[Data for this exercise Boundary: Start]

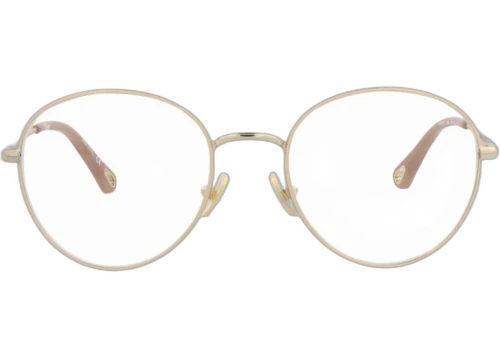 Chloe Round Frame Metal Optical Frames CH0021O-30009815-009 NUDE GOLD TRANSPARENT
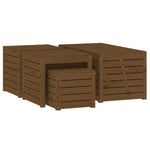 HKH 4 Pcs Conjunto De Caixas De Jardim Pinho Maciço Castanho Mel - Marrom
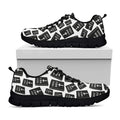 Black And White Holy Bible Pattern Print Black Running Shoes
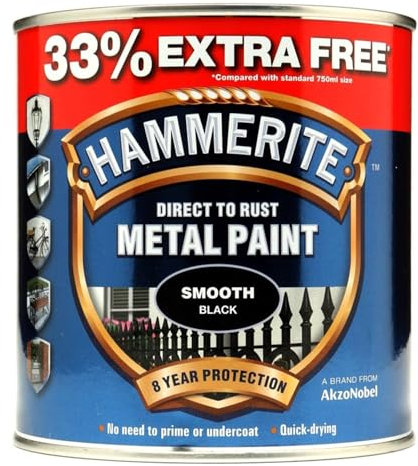 Direct to Rust Metal Paint Smooth Finish – Black, 1L (Pack of 1) | Anti-Rust Protection | Quick-Drying, Long-Lasting Metal Paint for Indoor & Outdoor Use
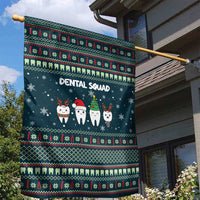 Funny Christmas Dental Squad Tooth Characters Garden Flag Snowflake Pattern Design - Wonder Print Shop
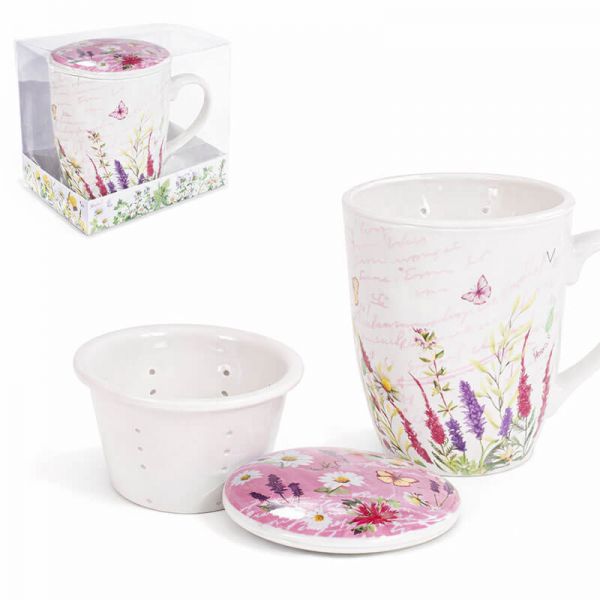 Mezei virágos bögre porcelán tetővel és szűrővel - 300 ml - rózsaszín
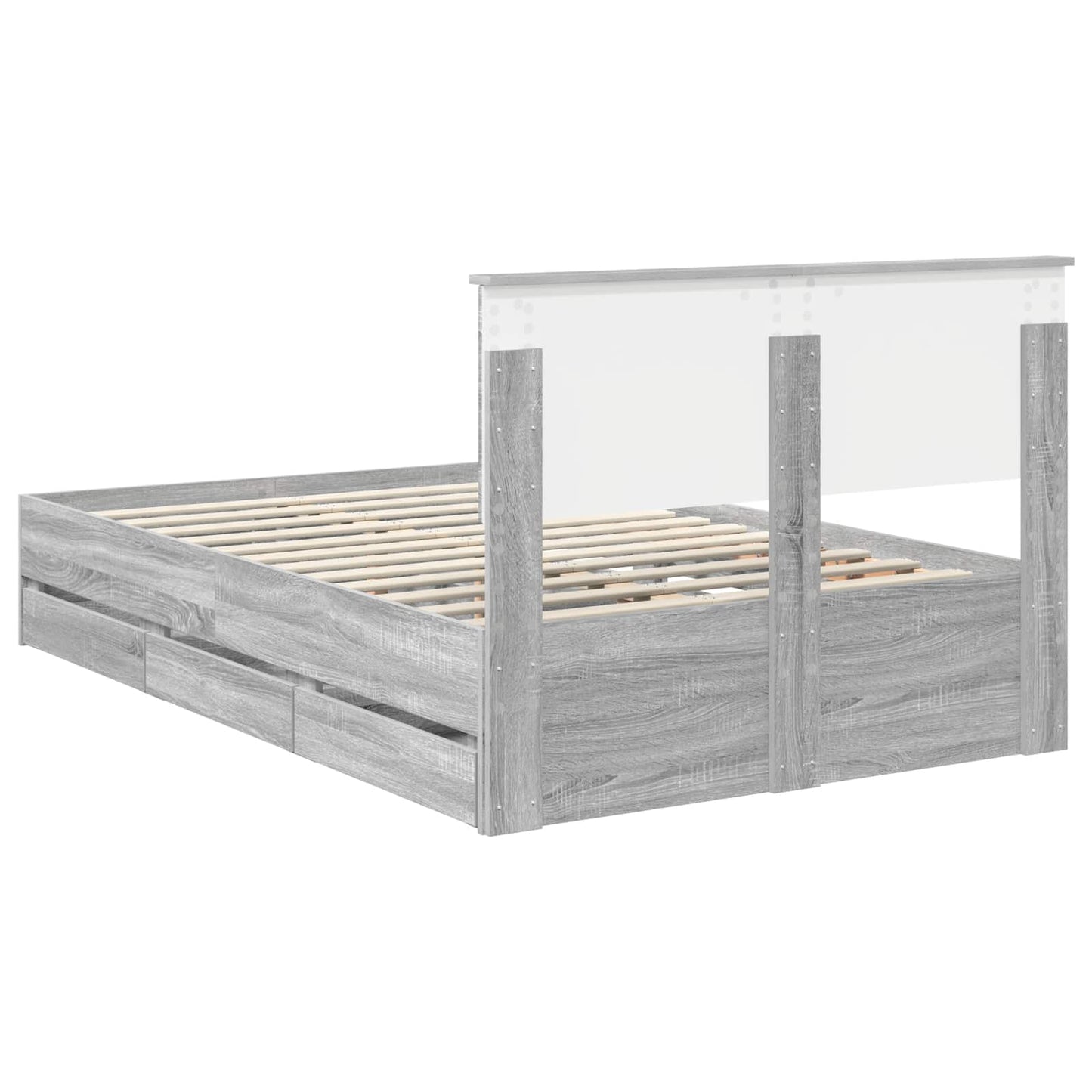 Bed Frame with Drawer Grey Sonoma 120 x 190 cm Engineer Wood
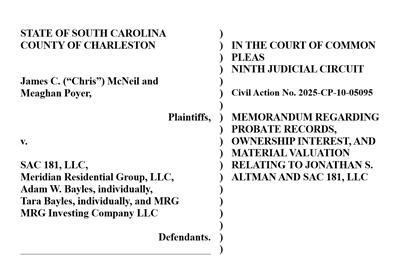 Memorandum Regarding Probate Records, Ownership Interest, and Material Valuation Relation to Jonathan S. Altman and SAC 181, LLC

[Data for this exercise Boundary: End]

- **Work task**: Repeat only the lines from the one with "Funny Christmas Dental" through the end of the data, both included and exactly as written. Pictures stay out of the copy.

- **Answer box**:
 Funny Christmas Dental Squad Tooth Characters Garden Flag Snowflake Pattern Design - Wonder Print Shop
 Mezei virágos bögre porcelán tetővel és szűrővel - 300 ml - rózsaszín
 Bed Frame with Drawer Grey Sonoma 120 x 190 cm Engineer Wood
 Memorandum Regarding Probate Records, Ownership Interest, and Material Valuation Relation to Jonathan S. Altman and SAC 181, LLC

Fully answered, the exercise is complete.